Sabine Steinböck: Im Jahr 2022 sind die Anfragen für Beratungen bei uns kontinuierlich gestiegen. Personen, die vor Jahren schon einmal bei uns eine Beratung in Anspruch genommen haben, haben sich aufgrund der Pandemie wieder gemeldet, weil die Probleme wieder zutage getreten sind beziehungsweise sich aufgrund dieser Krise verstärkt haben.

Alleine in den letzten drei Jahren hat es sehr viele Krisen gegeben – angefangen von der Pandemie über den Ukrainekrieg bis hin zu den Auswirkungen der Teuerung. Sind die Menschen an einer Belastungsgrenze angelangt?

Steinböck: Die Probleme, mit denen die Menschen zu uns in die Beratung kommen, haben sich jetzt per se nicht verändert. Es geht viel um Überforderung, um Konflikte bei Paaren, Konflikte in Familien, Einsamkeit. Aber aufgrund dieser zusätzlichen sozialen Krisen verschärft sich die Lage.

Wir Menschen haben mehrere Säulen, auf denen wir unsere Identität aufbauen, wo wir uns Anerkennung holen können oder wo unser Selbstwert gestärkt wird. Wenn eine davon wegbricht, also wenn man zum Beispiel Beziehungsprobleme hat, dann kann man das vielleicht noch alleine bewältigen. Aber wenn es einfach zu viel wird, wenn dann soziale Krisen oder durch die Teuerung finanzielle Probleme dazukommen, dann wird es für manche Menschen einfach zu viel und sie brauchen Unterstützung.

Leiterin der Familienberatung der Caritas St. Pölten Sabine Steinböck
ORF
Steinböck: „Beratung kann Blickwinkel erweitern“

Inwiefern hilft dann oft auch nur ein einziges Gespräch? Nicht alle Menschen brauchen gleich eine Psychotherapie.

Steinböck: Genau, nicht alle Menschen brauchen eine Psychotherapie. Es kann in vielen Fällen eine Beratung eine gute Unterstützung sein. Es ist in vielen Fällen schon hilfreich, wenn man sich einmal jemandem anvertrauen kann, wenn man über das, was belastet, sprechen kann. Unsere Berater und Beraterinnen hören zu, stellen gezielte Fragen. Wenn man in einem Problem verhaftet ist, hat man oft einen Tunnelblick. Die Beratung kann helfen, diesen Blickwinkel wieder zu erweitern und dann selbstbestimmt Konflikte zu lösen oder den Mut zu finden, eine belastende Situation zu verändern.

Inwiefern haben sich denn die Gesellschaftsschichten oder auch die Altersstrukturen der Menschen verändert, die eine derartige Hilfe beanspruchen?
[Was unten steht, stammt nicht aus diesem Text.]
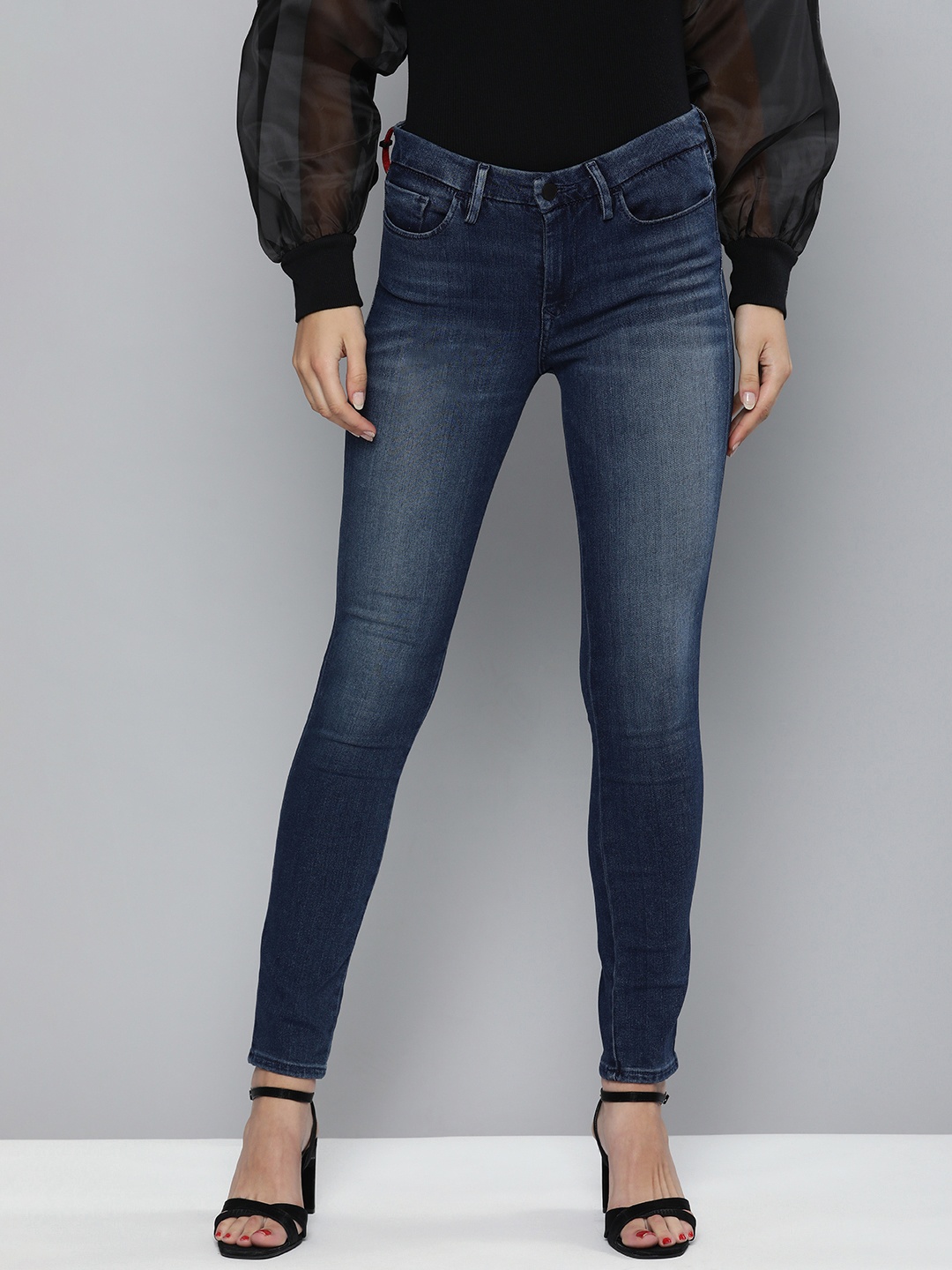 

Levis Women Blue 711 Skinny Fit High-Rise Heavy Fade Stretchable Jeans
Stichwort: Kinder und Jugendliche.

Steinböck: Kinder und Jugendliche – das merken wir sehr stark – sind durch die Pandemie und auch durch den Ukrainekrieg und die damit verbundenen Ängste stark belastet. Soziale Phobien sowie Essstörungen bei Kindern und Jugendlichen haben zugenommen, Psychotherapie für Kinder und Jugendliche wird sehr stark bei uns nachgefragt.

Was auch zugenommen hat, sind Scheidungsberatungen. Wir bieten eine kostenlose juristische Beratung am Bezirksgericht an, die Anfragen sind deutlich gestiegen. Es kommen auch mehr Männer in unsere Männerberatung, was uns freut, weil Männer eher zögerlich sind, Beratung in Anspruch zu nehmen – auch mit dem Thema Beziehungsprobleme, aber auch mit dem Thema Überforderung im Beruf.

Was ist Ihr erster Ratschlag, wenn ein Mensch Probleme hat?

Steinböck: Zu uns kann man relativ niederschwellig kommen. Man ruft einfach an und macht sich einen Ersttermin aus. Wir bieten auch Telefonberatung, Onlineberatung und Videoberatung an. Es gibt viele Wege, wie man zu uns kommen kann. Manchmal hilft ein Gespräch schon, es gibt aber auch Klienten und Klientinnen, die über Wochen oder manchmal sogar Jahre zu uns kommen.